Leave out the images; return the rest of the data exactly.

### Dataset extract
┏━━

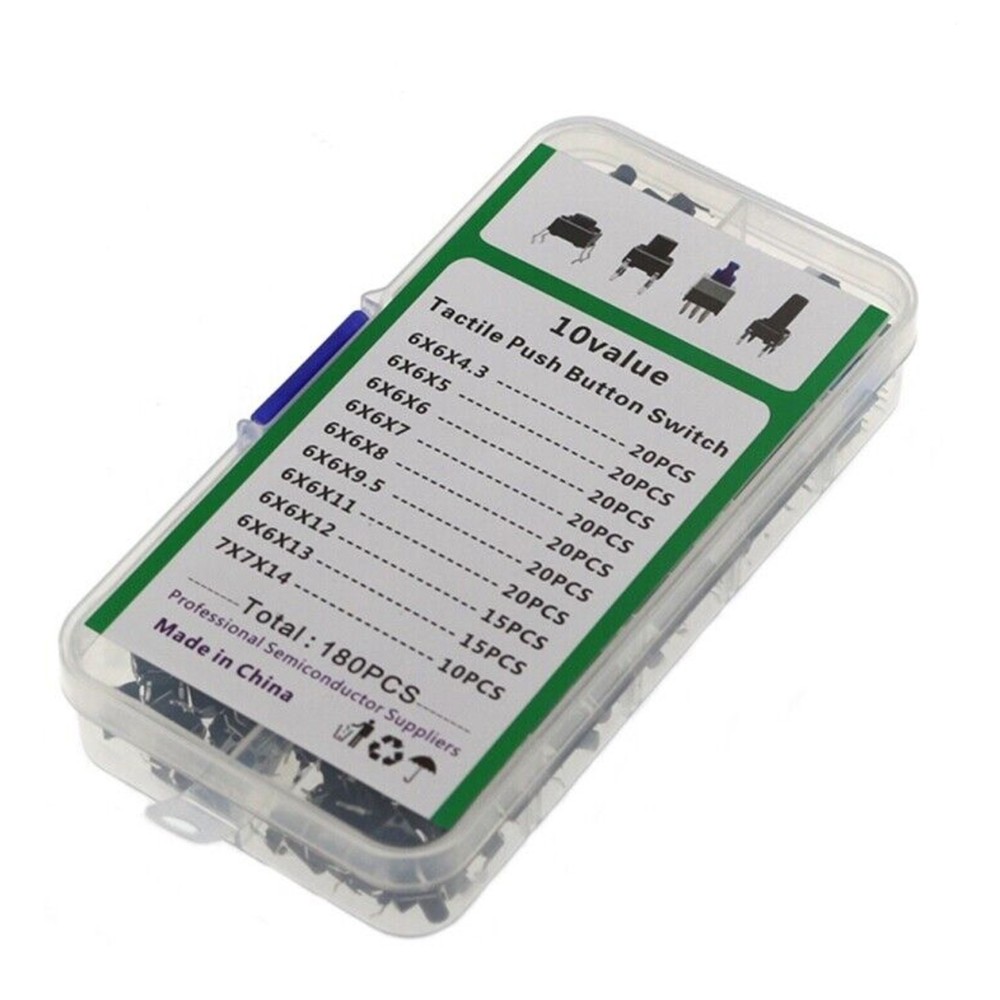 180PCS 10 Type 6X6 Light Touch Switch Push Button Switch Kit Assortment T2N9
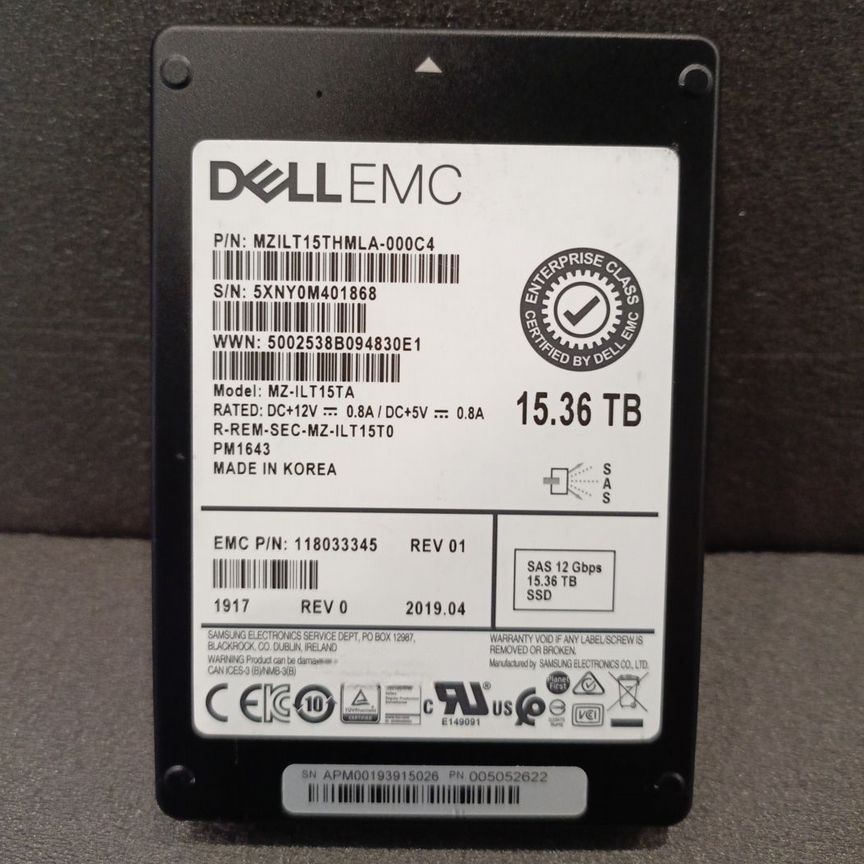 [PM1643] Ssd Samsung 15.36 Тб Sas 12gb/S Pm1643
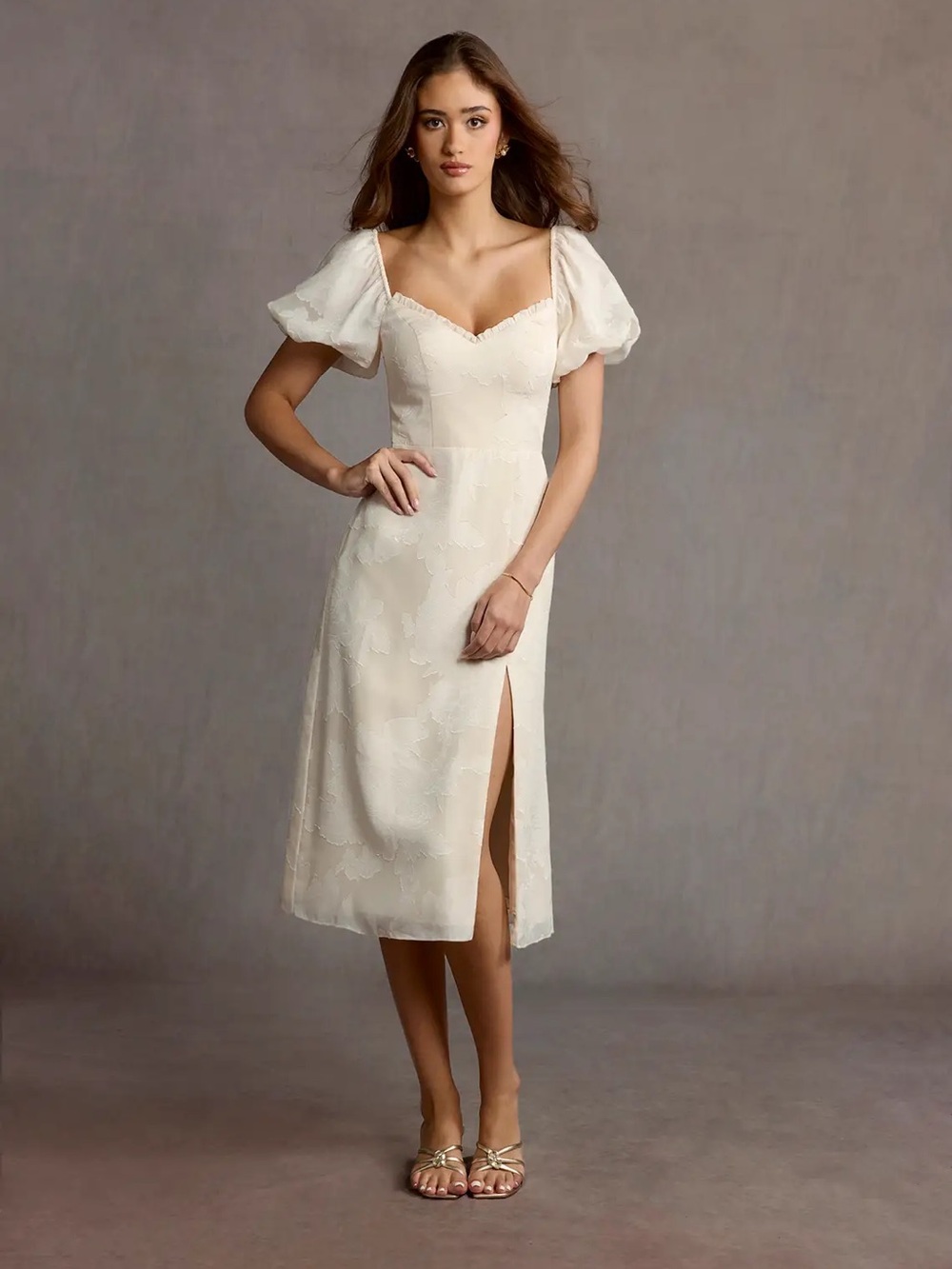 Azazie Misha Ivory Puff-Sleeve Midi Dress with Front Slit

┗━━

### Result below
 180PCS 10 Type 6X6 Light Touch Switch Push Button Switch Kit Assortment T2N9
 [PM1643] Ssd Samsung 15.36 Тб Sas 12gb/S Pm1643
 Azazie Misha Ivory Puff-Sleeve Midi Dress with Front Slit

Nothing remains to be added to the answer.